How to complete this task:
The reply should hold only the lines from the one with "Type in the" to the one with "Now that students", both ends kept, exactly as they appear below, without any pictures.

Excerpted data:
|---|
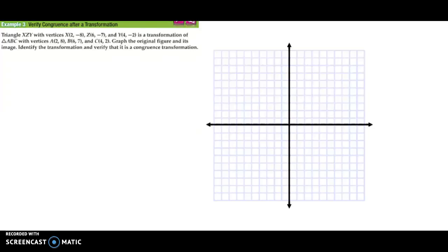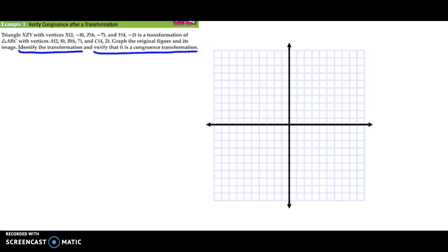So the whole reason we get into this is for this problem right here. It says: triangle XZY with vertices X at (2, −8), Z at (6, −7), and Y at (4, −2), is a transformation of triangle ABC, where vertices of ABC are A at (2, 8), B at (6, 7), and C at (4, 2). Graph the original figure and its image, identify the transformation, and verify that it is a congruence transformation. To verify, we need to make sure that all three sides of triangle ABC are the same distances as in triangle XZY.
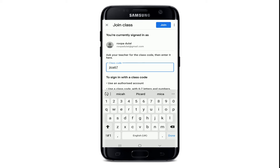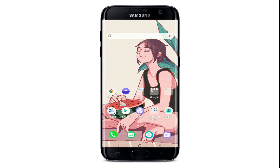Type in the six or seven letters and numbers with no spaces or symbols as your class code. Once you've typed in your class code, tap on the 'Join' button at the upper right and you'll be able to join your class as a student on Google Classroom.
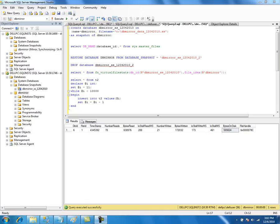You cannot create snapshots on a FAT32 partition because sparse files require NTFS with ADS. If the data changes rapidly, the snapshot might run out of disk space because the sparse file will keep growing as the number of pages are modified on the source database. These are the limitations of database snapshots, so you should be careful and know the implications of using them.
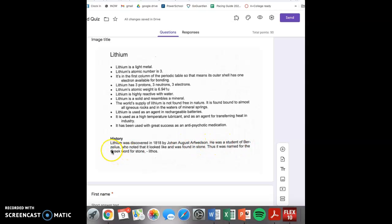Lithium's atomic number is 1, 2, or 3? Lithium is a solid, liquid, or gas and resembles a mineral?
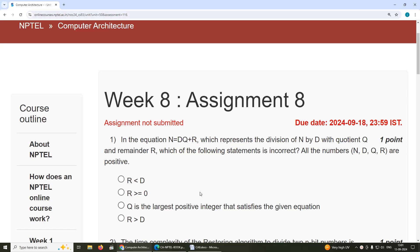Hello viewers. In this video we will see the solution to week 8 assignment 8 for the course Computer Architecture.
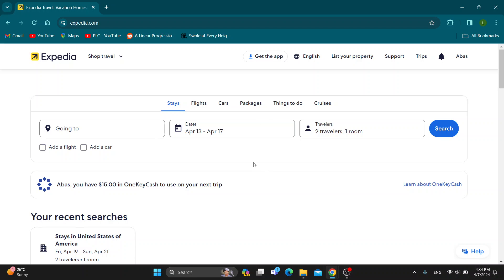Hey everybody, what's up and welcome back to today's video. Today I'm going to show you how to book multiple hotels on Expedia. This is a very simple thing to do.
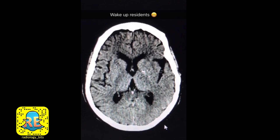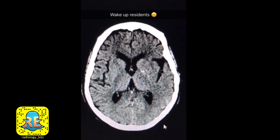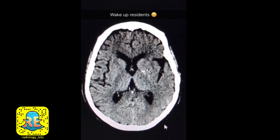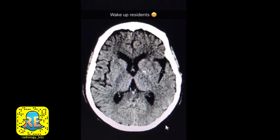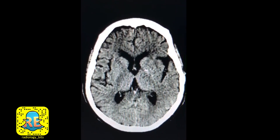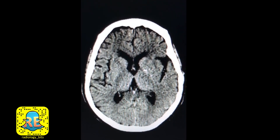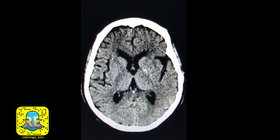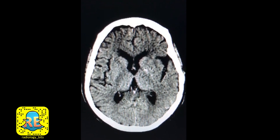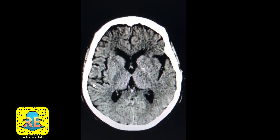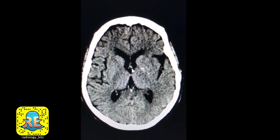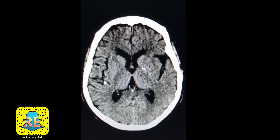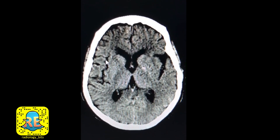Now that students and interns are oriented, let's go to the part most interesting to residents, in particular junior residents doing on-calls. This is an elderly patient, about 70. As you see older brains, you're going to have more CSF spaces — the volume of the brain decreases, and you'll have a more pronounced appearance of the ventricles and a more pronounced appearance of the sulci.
|---|
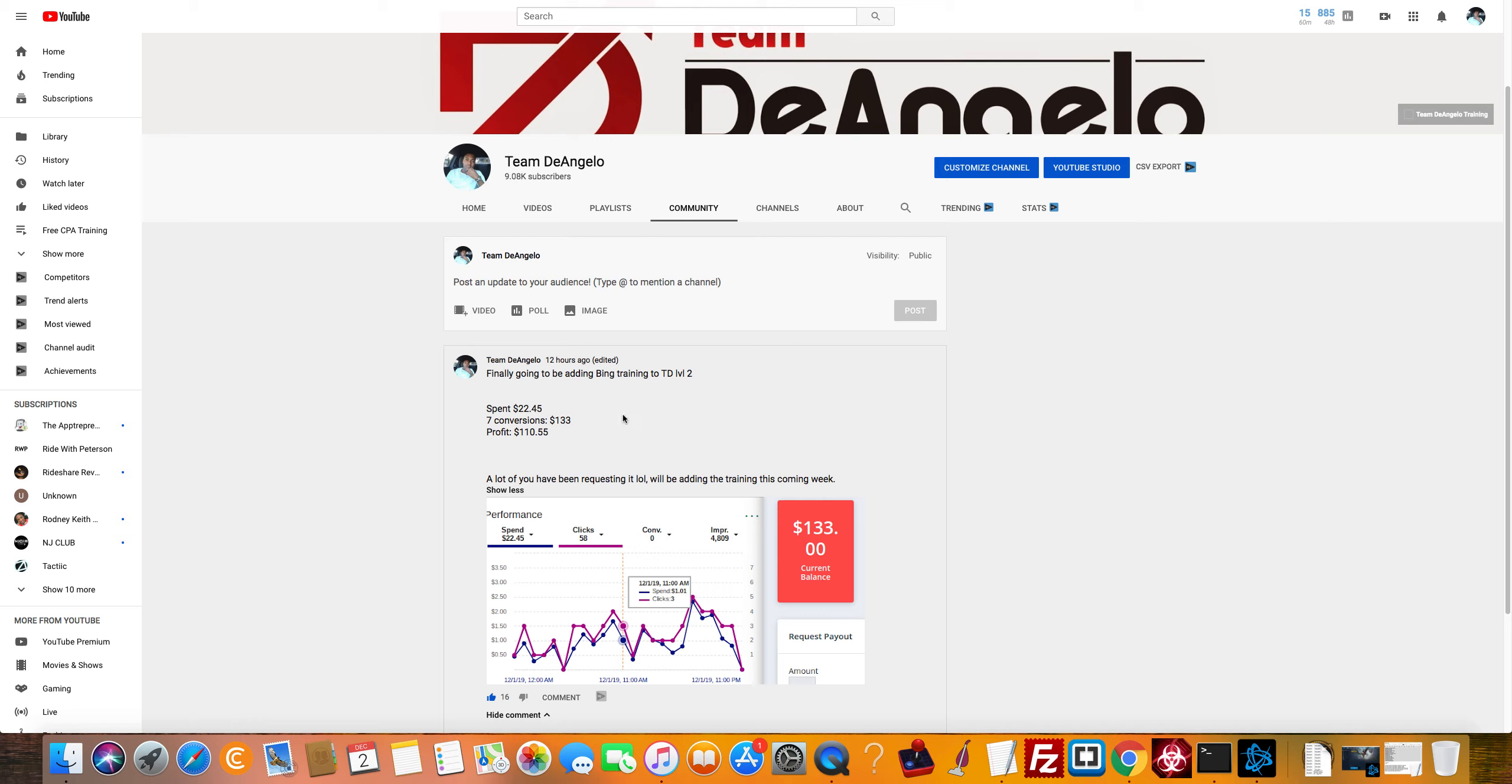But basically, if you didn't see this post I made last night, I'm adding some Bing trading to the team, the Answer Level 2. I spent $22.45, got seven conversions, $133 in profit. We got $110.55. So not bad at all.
|---|
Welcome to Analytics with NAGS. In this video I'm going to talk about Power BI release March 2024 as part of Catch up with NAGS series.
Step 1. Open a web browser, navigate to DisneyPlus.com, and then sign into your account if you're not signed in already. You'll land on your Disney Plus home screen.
|---|
Solution for this exercise:
Type in the six or seven letters and numbers with no spaces or symbols as your class code. Once you've typed in your class code, tap on the 'Join' button at the upper right and you'll be able to join your class as a student on Google Classroom.
You cannot create snapshots on a FAT32 partition because sparse files require NTFS with ADS. If the data changes rapidly, the snapshot might run out of disk space because the sparse file will keep growing as the number of pages are modified on the source database. These are the limitations of database snapshots, so you should be careful and know the implications of using them.
Lithium's atomic number is 1, 2, or 3? Lithium is a solid, liquid, or gas and resembles a mineral?
Hello viewers. In this video we will see the solution to week 8 assignment 8 for the course Computer Architecture.
Hey everybody, what's up and welcome back to today's video. Today I'm going to show you how to book multiple hotels on Expedia. This is a very simple thing to do.
Now that students and interns are oriented, let's go to the part most interesting to residents, in particular junior residents doing on-calls. This is an elderly patient, about 70. As you see older brains, you're going to have more CSF spaces — the volume of the brain decreases, and you'll have a more pronounced appearance of the ventricles and a more pronounced appearance of the sulci.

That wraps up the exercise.